* [TASK INSTRUCTIONS]: For this exercise, copy the data exactly and omit any images.

##### DATA EXTRACT #####

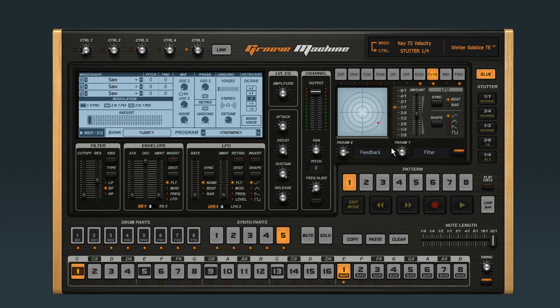Now when I play back and hit the same button on my controller, I'll get the one-quarter stutter, like this. But if I play back and I hit that button and the one-half reverse button at the same time, I get this.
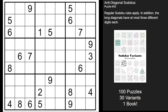Hey Puzzlers, this is Steve here with another video on how to solve some Sudoku variants. This one is known as an anti-diagonal Sudoku, and how it works is just like in regular Sudoku: every row, every column, and every 3x3 box is going to contain the digits 1 through 9 without repeating.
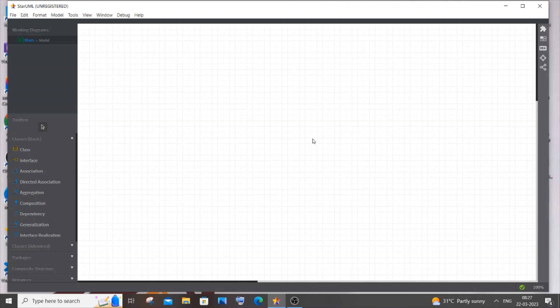Hi everyone, in this video I will be showing you how to create an activity diagram for an online examination system. So let's get started. For this I will be using the StarUML software.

#####

* [ANSWER TO THE PROBLEM]:
Now when I play back and hit the same button on my controller, I'll get the one-quarter stutter, like this. But if I play back and I hit that button and the one-half reverse button at the same time, I get this.
Hey Puzzlers, this is Steve here with another video on how to solve some Sudoku variants. This one is known as an anti-diagonal Sudoku, and how it works is just like in regular Sudoku: every row, every column, and every 3x3 box is going to contain the digits 1 through 9 without repeating.
Hi everyone, in this video I will be showing you how to create an activity diagram for an online examination system. So let's get started. For this I will be using the StarUML software.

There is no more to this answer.